Entrées de July 2007

29 July, 2007

La question de la semaine au sujet des médias : payer ou ne pas payer?

La une du Devoir qui m’a tellement choquée, d’abord parce que cet échange corsé entre un producteur et un journaliste méritait peut-être mention mais pas la une, a soulevé quelques réponses des blogueurs du monde des médias. Cécile, qui commentait plus tôt mon entrée, a jugé bon d’exposer son opinion sur le sujet dans un commentaire sur son blogue et d’un même geste elle a relevé les commentaires de ses collègues journalistes-blogueurs sur la question. De toute évidence, chez les journalistes cela ramène la question du contenu journalistique et publicitaire que certaines publications, sous la pression des annonceurs, essayent parfois de mettre au diapason. Imaginez par exemple, qu’un certain acheteur d’espace publicitaire utilise ce levier pour exiger qu’on mentionne son commerce plus souvent dans les articles… Ça arrive. Enfin, Cécile remarque aussi que le sujet n’a pas fait couler beaucoup d’encre, puisque les autres quotidiens n’ont pas porté attention à cette sortie. Ils ont peut-être raison.

29 July, 2007

Gio et Nadia


Nadia & her Dad

Originally uploaded by mikel.

À l’occasion de mon anniversaire, j’ai eu une petite visite de mon papy…

27 July, 2007

Algues bleues : François Cardinal expose les faits

J’avais bien un petit doute, peut-être était-ce l’expérience qui me portait à croire qu’on en parlait trop et de façon alarmiste. Je me disais aussi que les médias étant dans le creux estival, la chose prenait peut-être trop d’importance. Or, François Cardinal de La Presse qui suit les dossiers environnementaux de près remet les pendules à l’heure : la situation présente est un sévère avertissement, mais nous ne sommes pas en pleine crise. Allez lire son article, c’est clair et bien expliqué… Et j’aime tout particulièrement l’analyse point par point qu’il fait du dossier.

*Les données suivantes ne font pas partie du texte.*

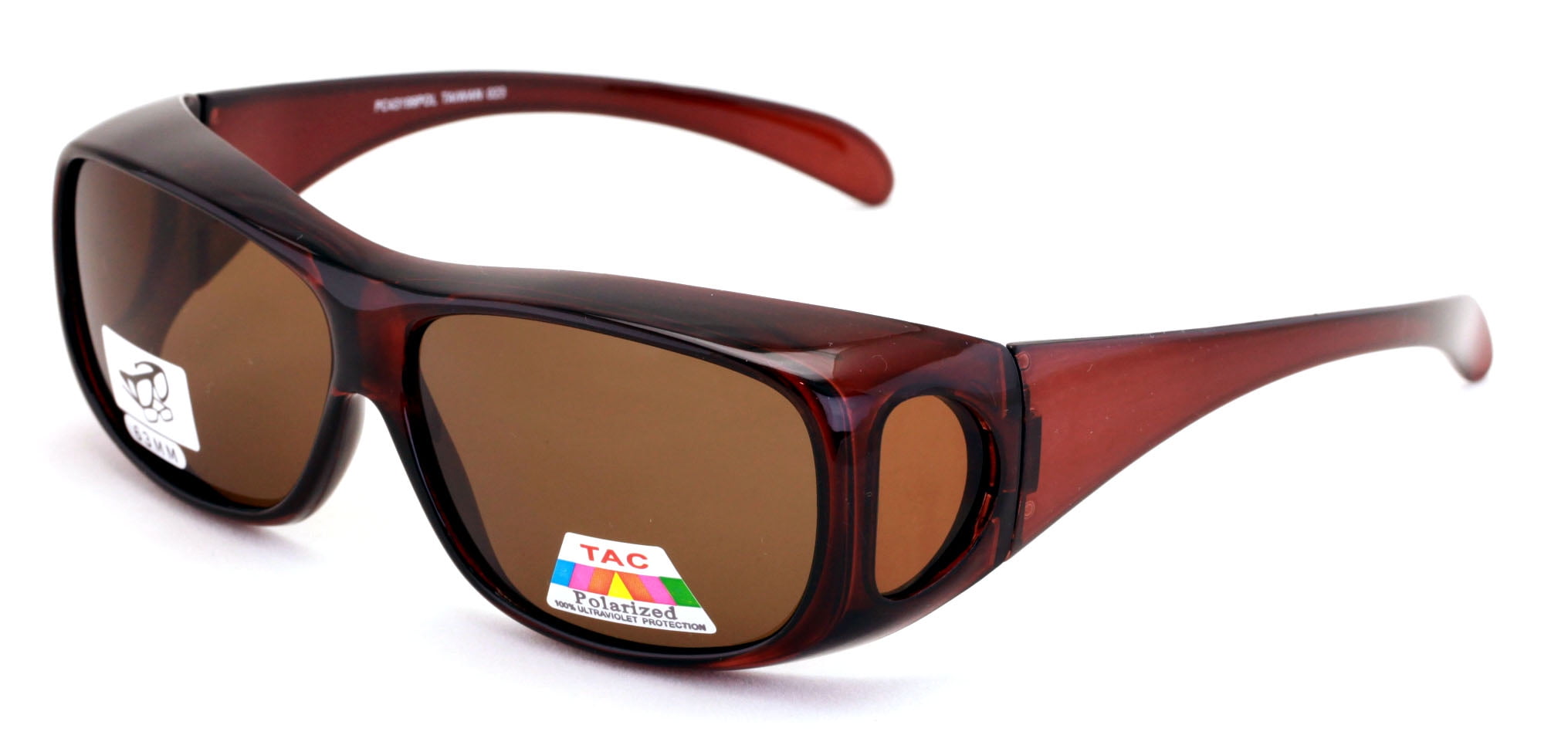 Polarized Fit Over Glasses Sunglasses Rectangular Frame Black Brown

Il y avait eu hier une sortie publique du ministre Couillard à ce propos.

26 July, 2007

Scandal au Devoir : être indépendant veut dire payer sa part…

Hier, très certainement pour respecter mon droit à l’information, Le Devoir mettait en première page un texte de Jean-François Nadeau intitulé, Pourquoi Le Devoir n’ira pas voir The Police. Ne vous inquiétez pas, M. Nadeau n’a pas découvert que Sting jette ses bouteilles vides aux poubelles ou que les membres du groupe encouragent Wal-Mart et le travail des enfants. Non! C’est bien pire que cela, je me dois de savoir que Le Devoir n’a pas eu de billet gratuit pour aller voir le spectacle et comme je lis Le Devoir pour lire des comptes-rendus mièvres de « come-back show » des stars des années « 80 », je suis très déçue. Pouvez-vous lire le sarcasme dans mes propos?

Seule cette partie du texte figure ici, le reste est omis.